## Material provided
··········

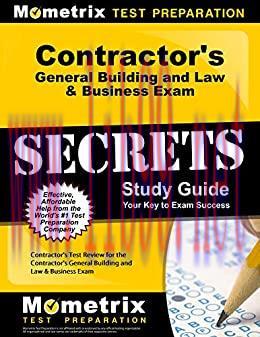 (PDF)Contractor&rsquo;s General Building and Law & Business Exam Secrets Study Guide: Contractor&rsquo;s Te...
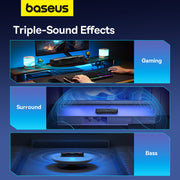 Baseus DS10 Soundbar Subwoofer Speaker Wireless Bluetooth 5.3 Sound Bar Home Theater 6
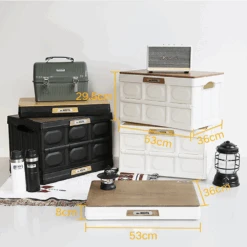 KEMSITE Camping Storage Box With Cover -Outdoor Camping Gear H0018 1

··········

## Task to complete
Everything in the material above must be repeated exactly, apart from its pictures.

## Answer area
 (PDF)Contractor&rsquo;s General Building and Law & Business Exam Secrets Study Guide: Contractor&rsquo;s Te...
 Baseus DS10 Soundbar Subwoofer Speaker Wireless Bluetooth 5.3 Sound Bar Home Theater 6
 KEMSITE Camping Storage Box With Cover -Outdoor Camping Gear H0018 1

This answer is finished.